Cet os est écrit pour la nuit du fof, sur le thème de "rupture".

Les croisades ne sont pas une chose à prendre à la légère. Car ces croisades sont la preuve d'une dissension entre les hommes, la preuve que la tour de Babel n'a jamais été possible, la preuve que la cohabitation humaine n'est possible qu'au pris du sang et de la douleur de certain.

Et pour Balian, c'est la preuve que là où un paradis peut exister, il y aura toujours les enfers à ses côtés. C'est la preuve que la mort ne pourra pas lui rendre ce qu'il a perdu, que la vie non plus.

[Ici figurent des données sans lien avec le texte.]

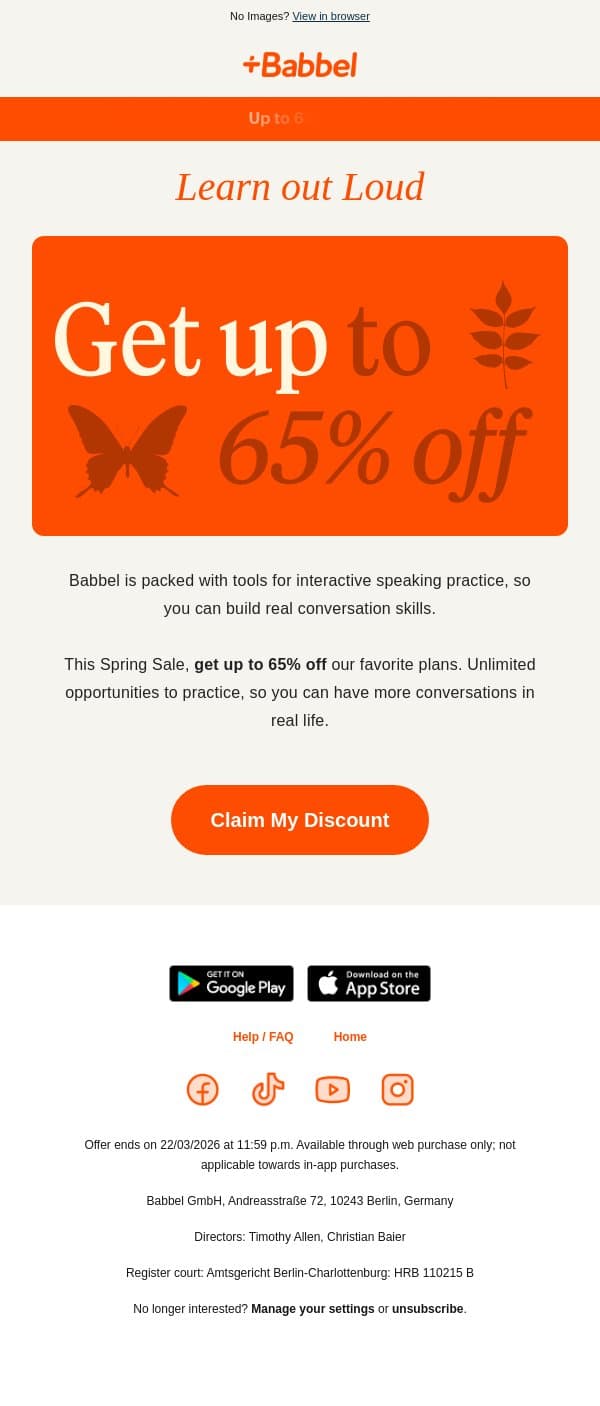 💐 Learn out loud with 65% off Babbel email from Babbel screenshot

C'est la preuve même que Dieu n'est pas là pour lui.

Car Balian, Balian a vécue cette césure, cette séparation ultime, avec la femme qu'il aimait, avec la vie qu'il a vécue, avec ce qu'il pensait être son avenir. Tout cela en partie à cause des croisades.

A cause de ce que certain appelle des guerres saintes contre les païen, contre les oppresseurs de la religion.

Mais il y a un désaccord visible entre ce que Balian a entendu des croisades et ce qu'il voit de la réalité. Bien sûr, il y a des oppresseurs, mais de chaque côté, car les victimes sont à la fois chrétien, musulmans, autres. Ce sont des paysans, des femmes, des enfants, des marchands, des hommes qui n'ont rien demandé, des hommes et des femmes qui prient chaque jour pour que leur dieu leur offre un monde meilleur.

Ce sont des hommes et des femmes que Balian a promis de protéger du mieux qu'il pouvait. Et c'est ce vœux qui lui permet de ne pas s'attarder sur les destructions visible dans sa vie, sur les ruptures qui le marquent, le blessent, et le mettent à terre, ces ruptures dont il se remet toujours avec plus ou moins de facilité.

C'est ce vœu qui fait qu'il est encore là, en orient, alors qu'il aurait pu, dû retourner sur sa terre natale, avec cette femme qui l'a séduit. Mais le cœur ni était pas, l'envie non plus. Dans son esprit, il sait qu'il ne pourra pas s'habituer à nouveaux aux rudes hivers de France, se réhabituer à n'être rien, à ne pouvoir rien. Non Balian n'est plus ce qu'il était, et ne pourra jamais le redevenir.

Entre ce passé, ou Balian était forgeron, où Balian avait une femme et un enfant dont il faisait encore le deuil, où Balian cherchait encore la réponse à ses question en se tournant vers Dieu. Et ce présent, ou Balian trouve sa force mentale dans sa résolution personnelle, à l'intérieur de lui-même, sans s'appuyer sur une religion qui l'a laissé dans l'inconnu, où Balian aide les autres avec son ingéniosité, où Balian n'est pas un seigneur, mais il n'est pas un simple paysan.

Il n'a pas envie de redevenir ce qu'il était, il y a eu une évolution qui lui plait, une évolution qui a du être brutal, qui ne l'a pas laissé sans séquelles. Mais maintenant qu'il y repense, elle était nécessaire.

Bien sûr, il n'a pas oublié sa femme ni son enfant, il n'a pas non plus oublié cette reine de Jérusalem, il n'a pas oublié ce dieu qui l'a laissé sans réponse, mais ce ne sont pas ses priorités. En effet, le plus urgent est d'abreuver les bêtes, d'arroser les champs, de protéger les hommes, les femmes et les enfants.

Et lorsqu'il n'y a pas cela, Balian se retrouve au côté de cet homme, que les siens appellerait volontiers de païen, de sarrasins, mais qu'il préfère appeler ami. Car cet homme est son compagnon depuis Jérusalem, il est l'un de ceux qui ne lui reproche pas sa décision, que ce soit celle de rendre Jérusalem, ou celle de ne pas retourner en France. Il est aussi l'un des rares hommes qui ne le considère pas comme un paria car ne souhaitant plus se soumettre à un dieu, à une religion, une croyance.

Non, Balian ne regrette pas d'être aller en croisade, d'avoir subit ces malheurs et ses douleurs, car maintenant, après maintes rupture, maintes destruction, le voila qui reprend gout à la vie, avec plaisir, avec un compagnon à ses côtés, un homme qui ne prend pas en compte la scission qui existe entre Balian et le reste du monde.